Преторское право (ius honorarium)

Преторское право - ius honorarium (praetorium) возникает как ес­тественный результат все углубляющегося несоответствия между возросшей деловой активностью и старыми, архаичными формами правового регулирования, восходящими к Законам XII таблиц.

В 367 г. до н. э. была учреждена одна из высших патрицианских магистратур - цивильный (городской) претор, в ведение которого поступили все судебные дела. Претор получил право созыва наро­дных собраний и представления законопроектов, начальствовал, когда его к тому призывали, армией и т. д. Как лицо, наделенное вы­сшей начальственной властью (imperium), претор получил право при вступлении в должность издавать эдикты, имевшие обязатель­ную силу, и выдавать приказы-интердикты, исполнение которых' обеспечивалось действенными санкциями.

Примечание.
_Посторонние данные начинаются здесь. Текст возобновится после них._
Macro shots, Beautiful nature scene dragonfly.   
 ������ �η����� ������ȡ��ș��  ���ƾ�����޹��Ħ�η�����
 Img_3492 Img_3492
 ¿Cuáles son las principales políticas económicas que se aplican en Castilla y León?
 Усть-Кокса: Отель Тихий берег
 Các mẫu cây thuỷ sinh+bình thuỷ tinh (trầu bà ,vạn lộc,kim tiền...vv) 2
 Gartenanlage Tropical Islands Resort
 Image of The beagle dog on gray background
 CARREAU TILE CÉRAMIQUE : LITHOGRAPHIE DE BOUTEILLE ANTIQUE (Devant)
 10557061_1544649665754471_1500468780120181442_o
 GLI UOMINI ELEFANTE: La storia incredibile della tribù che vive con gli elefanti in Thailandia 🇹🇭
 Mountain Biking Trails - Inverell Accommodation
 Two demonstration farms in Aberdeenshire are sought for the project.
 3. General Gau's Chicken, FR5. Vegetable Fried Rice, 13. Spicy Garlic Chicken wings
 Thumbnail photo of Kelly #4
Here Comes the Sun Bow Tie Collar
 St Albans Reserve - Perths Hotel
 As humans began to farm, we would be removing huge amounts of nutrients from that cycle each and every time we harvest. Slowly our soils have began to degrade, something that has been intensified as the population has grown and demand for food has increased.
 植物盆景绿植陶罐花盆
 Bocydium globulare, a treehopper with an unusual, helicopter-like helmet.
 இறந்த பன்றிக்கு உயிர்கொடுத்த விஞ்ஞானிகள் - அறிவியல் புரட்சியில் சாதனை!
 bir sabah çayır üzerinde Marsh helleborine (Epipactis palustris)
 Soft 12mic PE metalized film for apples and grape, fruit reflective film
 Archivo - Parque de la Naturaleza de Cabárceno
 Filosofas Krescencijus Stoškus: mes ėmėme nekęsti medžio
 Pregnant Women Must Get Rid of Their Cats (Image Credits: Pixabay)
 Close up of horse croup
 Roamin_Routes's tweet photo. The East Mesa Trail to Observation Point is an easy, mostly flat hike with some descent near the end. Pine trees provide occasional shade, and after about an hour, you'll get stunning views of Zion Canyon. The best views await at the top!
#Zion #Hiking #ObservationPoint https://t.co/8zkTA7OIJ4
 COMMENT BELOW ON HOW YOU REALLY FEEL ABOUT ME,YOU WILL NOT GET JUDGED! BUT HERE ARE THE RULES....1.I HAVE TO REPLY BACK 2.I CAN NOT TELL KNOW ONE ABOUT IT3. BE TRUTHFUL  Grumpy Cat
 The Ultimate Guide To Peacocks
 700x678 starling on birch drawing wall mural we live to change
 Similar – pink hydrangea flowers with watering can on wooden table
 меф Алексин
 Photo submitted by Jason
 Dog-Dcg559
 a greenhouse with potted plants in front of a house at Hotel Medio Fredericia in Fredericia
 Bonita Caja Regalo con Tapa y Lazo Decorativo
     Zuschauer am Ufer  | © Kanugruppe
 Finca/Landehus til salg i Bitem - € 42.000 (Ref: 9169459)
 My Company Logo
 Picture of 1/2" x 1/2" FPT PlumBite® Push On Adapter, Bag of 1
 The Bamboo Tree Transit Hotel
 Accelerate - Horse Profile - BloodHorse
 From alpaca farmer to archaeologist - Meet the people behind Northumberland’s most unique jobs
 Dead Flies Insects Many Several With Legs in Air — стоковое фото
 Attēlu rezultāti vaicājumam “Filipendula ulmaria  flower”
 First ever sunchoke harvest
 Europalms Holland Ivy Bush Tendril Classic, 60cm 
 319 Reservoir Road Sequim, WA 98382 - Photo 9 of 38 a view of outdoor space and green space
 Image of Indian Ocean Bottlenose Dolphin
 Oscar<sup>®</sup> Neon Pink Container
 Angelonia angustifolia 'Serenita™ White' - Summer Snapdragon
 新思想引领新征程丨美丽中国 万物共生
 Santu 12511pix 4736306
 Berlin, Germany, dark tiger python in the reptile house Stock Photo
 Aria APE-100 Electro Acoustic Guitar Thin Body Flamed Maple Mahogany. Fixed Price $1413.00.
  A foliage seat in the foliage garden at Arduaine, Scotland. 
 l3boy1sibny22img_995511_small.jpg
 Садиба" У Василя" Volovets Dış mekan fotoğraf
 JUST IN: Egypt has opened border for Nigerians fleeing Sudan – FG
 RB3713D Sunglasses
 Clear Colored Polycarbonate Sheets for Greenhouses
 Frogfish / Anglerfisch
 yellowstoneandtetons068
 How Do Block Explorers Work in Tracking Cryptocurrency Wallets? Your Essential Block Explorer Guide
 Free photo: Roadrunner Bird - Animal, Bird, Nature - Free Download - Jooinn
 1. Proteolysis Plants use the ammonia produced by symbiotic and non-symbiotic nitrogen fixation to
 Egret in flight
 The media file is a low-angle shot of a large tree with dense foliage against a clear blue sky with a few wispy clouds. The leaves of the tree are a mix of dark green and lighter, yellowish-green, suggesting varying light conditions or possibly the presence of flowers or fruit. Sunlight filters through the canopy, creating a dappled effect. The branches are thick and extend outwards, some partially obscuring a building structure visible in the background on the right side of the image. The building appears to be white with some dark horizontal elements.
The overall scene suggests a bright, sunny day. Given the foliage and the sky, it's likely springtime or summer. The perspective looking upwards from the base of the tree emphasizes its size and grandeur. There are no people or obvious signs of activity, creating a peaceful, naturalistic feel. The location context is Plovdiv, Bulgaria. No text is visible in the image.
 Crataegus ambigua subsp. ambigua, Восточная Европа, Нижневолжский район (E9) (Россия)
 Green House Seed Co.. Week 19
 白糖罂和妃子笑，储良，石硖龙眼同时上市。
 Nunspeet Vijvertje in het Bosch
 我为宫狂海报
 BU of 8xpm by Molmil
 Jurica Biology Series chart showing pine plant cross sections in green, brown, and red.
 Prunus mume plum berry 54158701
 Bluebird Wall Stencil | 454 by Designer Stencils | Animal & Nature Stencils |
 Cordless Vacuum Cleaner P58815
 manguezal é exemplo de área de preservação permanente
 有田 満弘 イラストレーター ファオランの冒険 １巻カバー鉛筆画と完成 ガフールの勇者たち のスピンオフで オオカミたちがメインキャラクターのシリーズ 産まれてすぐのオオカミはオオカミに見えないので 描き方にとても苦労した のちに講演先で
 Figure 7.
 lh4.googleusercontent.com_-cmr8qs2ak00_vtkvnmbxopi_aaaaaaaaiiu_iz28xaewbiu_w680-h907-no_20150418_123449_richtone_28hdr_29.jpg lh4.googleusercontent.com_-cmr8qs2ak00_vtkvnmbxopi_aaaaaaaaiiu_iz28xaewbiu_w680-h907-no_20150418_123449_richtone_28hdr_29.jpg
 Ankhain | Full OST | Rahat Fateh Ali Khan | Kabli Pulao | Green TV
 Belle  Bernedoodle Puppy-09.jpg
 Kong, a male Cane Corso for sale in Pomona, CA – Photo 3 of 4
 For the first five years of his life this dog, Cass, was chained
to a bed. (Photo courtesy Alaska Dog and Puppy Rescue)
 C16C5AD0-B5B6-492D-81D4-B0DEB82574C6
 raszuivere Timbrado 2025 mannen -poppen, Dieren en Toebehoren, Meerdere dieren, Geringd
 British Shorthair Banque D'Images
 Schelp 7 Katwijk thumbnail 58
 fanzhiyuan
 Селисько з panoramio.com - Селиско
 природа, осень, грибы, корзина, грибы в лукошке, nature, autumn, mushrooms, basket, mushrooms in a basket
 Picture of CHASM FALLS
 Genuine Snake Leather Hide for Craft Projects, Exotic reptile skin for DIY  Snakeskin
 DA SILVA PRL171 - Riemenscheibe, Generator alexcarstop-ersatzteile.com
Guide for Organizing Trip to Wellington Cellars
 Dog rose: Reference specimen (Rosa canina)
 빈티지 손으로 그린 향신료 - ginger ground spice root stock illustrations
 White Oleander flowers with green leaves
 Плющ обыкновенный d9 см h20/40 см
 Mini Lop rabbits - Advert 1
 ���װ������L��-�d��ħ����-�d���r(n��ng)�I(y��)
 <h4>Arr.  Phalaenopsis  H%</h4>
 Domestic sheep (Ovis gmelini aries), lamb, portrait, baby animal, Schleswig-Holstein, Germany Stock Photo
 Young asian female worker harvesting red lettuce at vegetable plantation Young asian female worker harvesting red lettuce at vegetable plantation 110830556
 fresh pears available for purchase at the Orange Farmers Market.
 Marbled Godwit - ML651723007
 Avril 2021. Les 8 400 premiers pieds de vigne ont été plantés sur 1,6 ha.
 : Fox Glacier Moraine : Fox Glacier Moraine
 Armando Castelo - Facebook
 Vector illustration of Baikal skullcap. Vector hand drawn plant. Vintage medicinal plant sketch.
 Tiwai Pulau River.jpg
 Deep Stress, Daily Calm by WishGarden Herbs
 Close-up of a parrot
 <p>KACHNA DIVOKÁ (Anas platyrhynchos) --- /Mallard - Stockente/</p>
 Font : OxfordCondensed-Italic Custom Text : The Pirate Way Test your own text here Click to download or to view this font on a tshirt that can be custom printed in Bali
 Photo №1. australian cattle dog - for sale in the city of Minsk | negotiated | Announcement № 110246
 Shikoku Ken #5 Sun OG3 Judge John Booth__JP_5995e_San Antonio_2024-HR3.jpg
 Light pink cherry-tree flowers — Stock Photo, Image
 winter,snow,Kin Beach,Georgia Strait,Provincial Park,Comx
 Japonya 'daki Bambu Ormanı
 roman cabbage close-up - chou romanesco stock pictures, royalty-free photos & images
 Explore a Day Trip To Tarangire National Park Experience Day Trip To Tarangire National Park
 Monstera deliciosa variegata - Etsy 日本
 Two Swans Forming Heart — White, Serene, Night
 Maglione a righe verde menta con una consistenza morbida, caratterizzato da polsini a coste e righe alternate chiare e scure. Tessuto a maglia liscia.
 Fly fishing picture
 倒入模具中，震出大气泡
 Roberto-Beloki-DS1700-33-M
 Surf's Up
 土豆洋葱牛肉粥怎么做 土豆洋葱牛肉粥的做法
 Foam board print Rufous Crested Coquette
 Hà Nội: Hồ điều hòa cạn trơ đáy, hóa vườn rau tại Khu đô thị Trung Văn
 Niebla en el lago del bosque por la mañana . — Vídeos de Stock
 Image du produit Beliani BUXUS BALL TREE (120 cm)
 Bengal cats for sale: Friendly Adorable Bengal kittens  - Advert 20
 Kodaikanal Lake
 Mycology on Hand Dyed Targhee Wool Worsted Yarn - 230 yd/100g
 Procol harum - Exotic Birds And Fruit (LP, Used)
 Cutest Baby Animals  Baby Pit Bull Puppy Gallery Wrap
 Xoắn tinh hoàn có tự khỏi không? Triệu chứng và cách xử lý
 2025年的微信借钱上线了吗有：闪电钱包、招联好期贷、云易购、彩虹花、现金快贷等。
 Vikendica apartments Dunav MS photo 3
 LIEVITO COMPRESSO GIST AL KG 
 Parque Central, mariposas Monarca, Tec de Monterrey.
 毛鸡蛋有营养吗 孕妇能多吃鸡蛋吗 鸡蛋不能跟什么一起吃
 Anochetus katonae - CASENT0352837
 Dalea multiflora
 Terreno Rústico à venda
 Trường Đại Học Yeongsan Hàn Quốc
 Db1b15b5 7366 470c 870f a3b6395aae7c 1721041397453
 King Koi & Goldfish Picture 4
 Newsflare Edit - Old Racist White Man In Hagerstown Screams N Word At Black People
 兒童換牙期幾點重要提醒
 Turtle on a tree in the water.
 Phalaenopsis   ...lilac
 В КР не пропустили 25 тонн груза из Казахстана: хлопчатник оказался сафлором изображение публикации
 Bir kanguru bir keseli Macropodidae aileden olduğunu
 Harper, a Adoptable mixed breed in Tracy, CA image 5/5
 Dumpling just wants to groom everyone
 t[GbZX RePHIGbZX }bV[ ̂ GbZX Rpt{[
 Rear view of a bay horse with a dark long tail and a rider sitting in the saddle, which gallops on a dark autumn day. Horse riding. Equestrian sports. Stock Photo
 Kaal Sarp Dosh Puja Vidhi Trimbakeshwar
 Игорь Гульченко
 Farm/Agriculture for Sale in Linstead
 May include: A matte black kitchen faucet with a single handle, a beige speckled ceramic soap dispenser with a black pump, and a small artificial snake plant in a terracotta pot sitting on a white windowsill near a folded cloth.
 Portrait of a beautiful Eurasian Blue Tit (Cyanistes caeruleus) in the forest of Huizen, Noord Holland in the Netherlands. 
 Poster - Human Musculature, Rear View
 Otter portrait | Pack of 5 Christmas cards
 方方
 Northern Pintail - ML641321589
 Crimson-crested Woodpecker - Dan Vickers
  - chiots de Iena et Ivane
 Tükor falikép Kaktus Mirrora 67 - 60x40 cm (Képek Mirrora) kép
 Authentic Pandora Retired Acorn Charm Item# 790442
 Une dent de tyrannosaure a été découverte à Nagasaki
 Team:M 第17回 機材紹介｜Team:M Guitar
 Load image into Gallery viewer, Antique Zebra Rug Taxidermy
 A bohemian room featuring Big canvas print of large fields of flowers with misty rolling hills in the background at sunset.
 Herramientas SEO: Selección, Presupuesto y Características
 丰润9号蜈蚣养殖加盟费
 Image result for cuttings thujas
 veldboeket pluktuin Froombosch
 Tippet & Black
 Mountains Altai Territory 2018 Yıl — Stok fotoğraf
Стоя ниже консула в иерархии чинов, претор не под­чинялся ему, ибо по общему порядку ни одна римская магистратура не вмешивалась в дела другой. С 337 г. до н. э. претура становится дсн ступной и плебеям - в завершение процесса выравнивания прав пат­рициев и плебеев. В 242 г. до н. э. на помощь городскому претору приходит претор перегринский. Они действуют в контакте, особенно в спо­рах, где стороной являлся римский гражданин.

Эдикты обоих преторов писались на деревянной доске белыми или красными буквами и выставлялись на форуме, где совершал­ся суд.

Преторский эдикт, как и всякий другой, считался обязательным для издавшего его магистрата, а так как срок его полномочий ограни­чивался одним годом, то и эдикт действовал столько же. «Законом на год» называл его Цицерон. Но так обстояло дело в теории. На практике же всякий новый претор сохранял, по установившейся тра­диции, определенную часть эдикта, которая сделалась как бы обще­признанной частью римского права, а также то, что считал разум­ным, проверенным и оправданным. Если же он находил нужным прибавить что-либо «от себя», то обращался к тому новому, что вы­текало из судебной практики, деловых отношений, эдиктов своего коллеги по делам Перегринов, к своим собственным воззрениям на право.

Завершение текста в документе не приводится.